Written by Glen Ogden, Regional Sales Director, Middle East at A10 Networks
SSL encryption is a double-edged sword for many organisations in the Middle East. It bolsters security by providing confidentiality and message integrity. It also enables organisations to verify the identity of application owners and allows applications to authenticate users with client certificates. Unfortunately, encryption can also be used by attackers to infiltrate enterprises.
Encryption puts organisations at risk. Hackers leverage encryption to conceal their exploits from security devices like firewalls, intrusion prevention systems, forensics solutions, and more that can’t keep up with increasing SSL decryption demands or that cannot decrypt SSL traffic at all because of their location in the network.
According to a recent Gartner survey, “less than 20 per cent of organisations with a firewall, an intrusion prevention system (IPS) or a unified threat management (UTM) appliance decrypt inbound or outbound SSL traffic.” This means that hackers can evade over 80 per cent of an organisation’s network defences simply by tunnelling attacks in encrypted traffic.
SSL/TLS is the new default transportation protocol
SSL usage has become ubiquitous, and many leading websites now encrypt every web request and response. In fact,48 percent more of the million most popular websites use SSL in 2014 than a year earlier. However, the transition from 1024- to 2048-bit SSL key lengths, combined with growing SSL bandwidth demands, has burdened security devices that decrypt SSL traffic. The impact of decryption on security devices is startling. Analysis by NSS Labs reveals that 2048-bit SSL ciphers “caused a mean average of 81 percent in performance loss” for seven leading next-generation firewalls.

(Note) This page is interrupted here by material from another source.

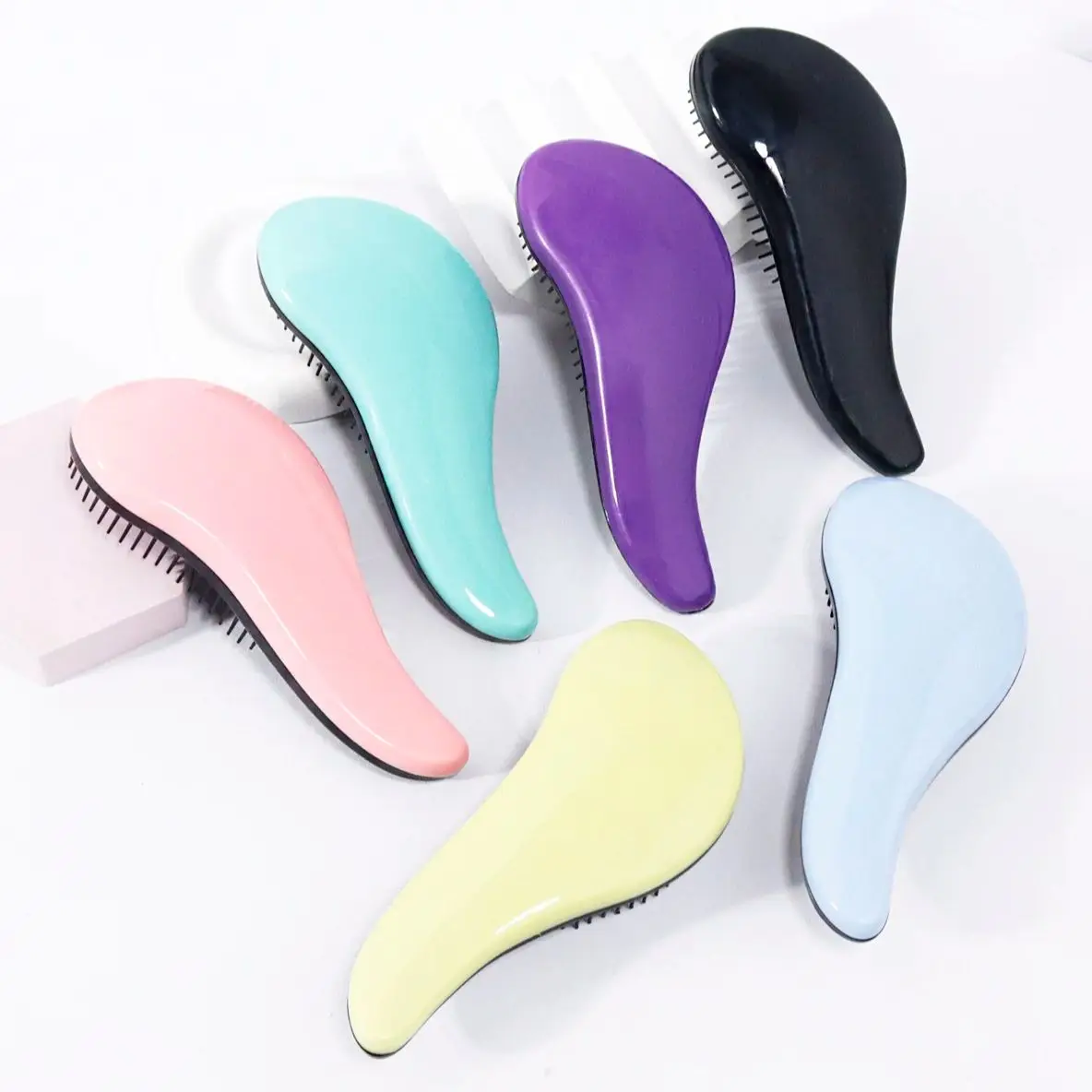 

Solid color anti-static massage brush,soft nylon hair brush,suitable for both dry and wet use Special for real hair wigs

However, encrypted traffic is often not protected with intrusion protection technology. Cyber tools are not protecting the organisation’s assets and are letting encrypted traffic pass through the network unchecked.
But wait a minute, didn’t we solve SSL performance problems in the data centre years ago? Specialised appliances, load balancers, application delivery optimisation, and offloading CPU-intensive SSL encryption processes are all aimed to address these issues. However, in addition organisations need modern tools to secure and optimise their modern firewalls and cyber protections.
To help organisations decrypt and inspect SSL traffic without degrading network performance, third-party security devices can be used to inspect encrypted traffic and eliminate the blind spot imposed by SSL encryption.
These security devices have the capabilities to:
- Uncover cyberattacks hidden in SSL traffic
- Maximise uptime by load-balancing multiple third-party security appliances
- Scale performance and throughput to successfully counter advanced threats
- Deploy best-of-breed content inspection solutions to fend off attacks and malware
In today’s work environment, more and more network traffic is being encrypted. As information technology managers, we need to ensure the correct information is being protected, while the necessary infrastructure is in place to protect the organisation. Managed correctly, SSL traffic can provide the necessary protections while not exposing the vulnerabilities on the company’s security infrastructure.